La idea de honrar a los muertos y venerar a la muerte se remonta a la época prehispánica y se sostuvo mucho después con la llegada de los conquistadores y frailes evangelizadores al naciente México.
Y en todo este tiempo se registraron distintas ofrendas y rituales que fueron evolucionando y diversificándose con el paso de los años. Muchas familias en nuestro país colocan un altar por el Día de Muertos y dependiendo de la región varían los elementos que lleva.
Como sabemos, según la religión católica, las celebraciones de Todos Santos y de los Fieles Difuntos se llevan a cabo los días 31 de octubre, 1 y 2 de noviembre.
Durante esos días los muertos regresan para poder disfrutar de la esencia y el aroma de la comida, la bebida y de la compañía de sus seres queridos. Se habla de que en el altar no puede faltar el pan de muerto, el agua, comida, cempasúchil, veladoras para alumbrar el camino, incienso, etc.

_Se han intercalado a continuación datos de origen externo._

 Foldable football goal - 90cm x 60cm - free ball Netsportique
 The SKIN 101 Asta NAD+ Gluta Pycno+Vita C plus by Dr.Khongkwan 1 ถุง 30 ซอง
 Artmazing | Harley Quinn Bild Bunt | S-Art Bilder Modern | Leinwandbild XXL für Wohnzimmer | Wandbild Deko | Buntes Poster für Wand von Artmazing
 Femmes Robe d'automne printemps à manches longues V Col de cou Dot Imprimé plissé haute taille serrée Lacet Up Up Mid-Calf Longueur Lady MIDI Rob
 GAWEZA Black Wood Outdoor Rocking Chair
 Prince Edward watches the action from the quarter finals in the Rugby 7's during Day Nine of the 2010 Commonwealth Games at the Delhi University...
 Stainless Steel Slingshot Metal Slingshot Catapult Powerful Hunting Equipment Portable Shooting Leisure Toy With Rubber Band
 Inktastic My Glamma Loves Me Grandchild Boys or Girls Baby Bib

El 28 de octubre comienzan a llegar las almas de personas que murieron en actos violentos, aquellas que fueron asesinadas o que sufrieron un accidente. Generalmente si se conoce el lugar exacto en el que murieron, se le llevan flores y veladoras.
El 30 de octubre se ofrendan flores blancas y una vela a los niños que perdieron la vida sin ser bautizados.
Un día después llegan los niños en general. Es por eso que el 31 de octubre se les ponen flores blancas, juguetes, velas, dulces y pan. Ese día, justamente a las 12 de la tarde, las campanas de las iglesias en los pueblos y comunidades repican para anunciar su llegada.
Finalmente el 1 de noviembre llegan todos los “grandes”, los adultos que ya se nos adelantaron pero que recordamos con mucho cariño como a todas las almas.
La tradición dice que hay que prender el copal y rezar una oración.